Tuesday, December 04, 2012

Things Sometimes Work Out



I got into the shower Sunday morning, turned on the tap, and adjusted the faucet to where I normally do.  Except this time the water coming out of the shower was cold.  I turned in more hot water, and discovered that the hottest it would get was barely warm enough so I wasn’t uncomfortable in the shower.
Knowing as I showered that the water heater was on the fritz, I thought about possible problems and how I might be able to solve them.  I was hoping the pilot had gone out due to some kind of atmospheric phenomenon, but I also knew that in the years we have lived here, and with all of the windy, stormy, gusty days we’ve had, the light had never blown out on its own.  My gut told me something on the heater was faulty.
After my shower, I went downstairs and lit the pilot.  It stayed lit and I turned on the burner.  Hoping against hope that the pilot going out was just a weird coincidence of some kind, we went on about our business.  Of course, it went out before long, and we spent the rest of the day without hot water, except when I’d go down and light it.  Then it would run long enough to heat the water already in the tank, but would go out after that.
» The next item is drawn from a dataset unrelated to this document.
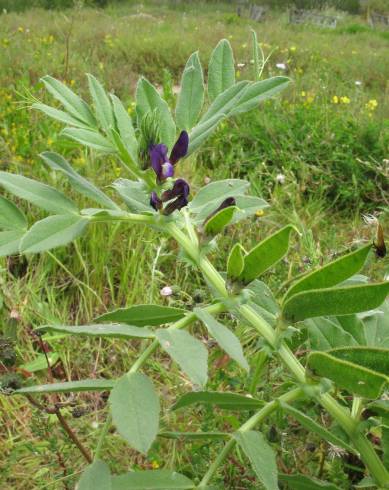 Fotografia de capa Vicia narbonensis - do Jardim Botânico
I do this s few times, and reality sets in.  I need to fix the heater, or I need to get a new one.  I can’t go on lighting the thing four or five times a day and waiting for it to heat the water.  Not one to spend money when I don’t need to do so, I was hopeful the only problem would be a thermocouple that was bad.  A thermocouple is a safety device that shuts off the gas should the pilot light go out.  That prevents unlit gas from building up and causing an explosion.  If it goes bad, however, it shuts off the gas when there’s nothing wrong.  That’s what I was hoping.
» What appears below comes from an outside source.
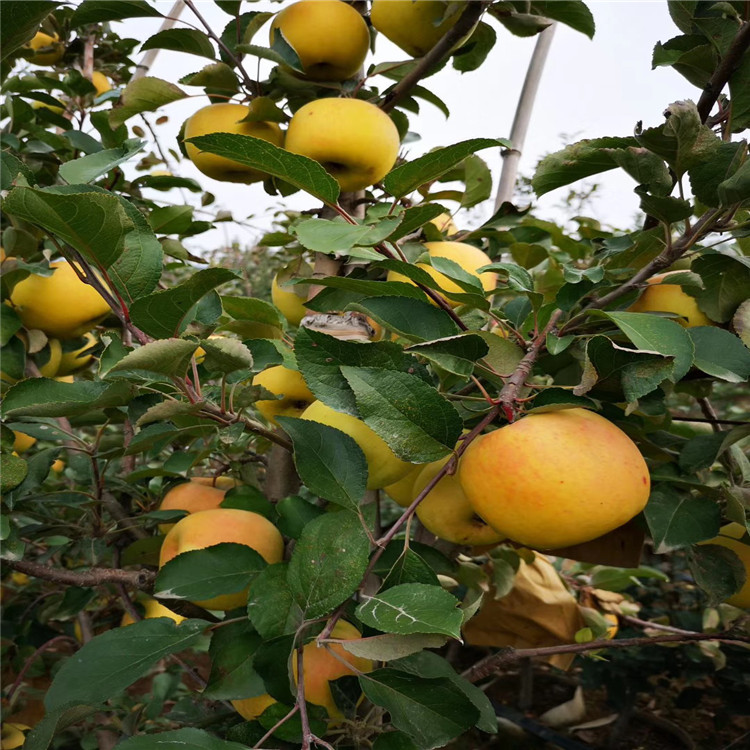 早紅嘎啦蘋果苗價(jià)格、早紅嘎啦蘋果苗出售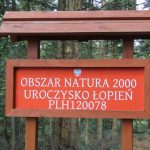 Beskid Wyspowy Łopień 961m n.p.m.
Monday, I stay home and remove the burner and pilot assembly.  There’s nothing one can tell just by looking whether or not the thermocouple was bad.  I discovered, however, that it was one of the newfangled thermocouples that had an extra piece of electronics hanging on it.  Never having seen this before, I went on the Internet and found out that what I was seeing was a fusible link, an additional safety device.  And of course there was no way the newfangled thermocouple could be replaced with a regular one.
I checked three different places to try finding one of the newfangled devices.  Having no luck, I remembered a place I used to go to when I worked for the nursing home.  They seemed to have things no one else had, and would sell to the general public.  I went there, took in my assembly, and the woman behind the parts counter immediately went to a shelf and pulled a box.  She opened it and there was an exact replacement of the entire pilot assembly, including newfangled thermocouple.
Sixty dollars and about 45 minutes later, the heater was back together heating water.  And it’s been running ever since.  I seemed to have gotten lucky this time, and was able to save a service call and about two hundred dollars in labor.  And we have hot water again.  I know it won’t always happen this way, but sometimes things work out, and I’m glad they did this time.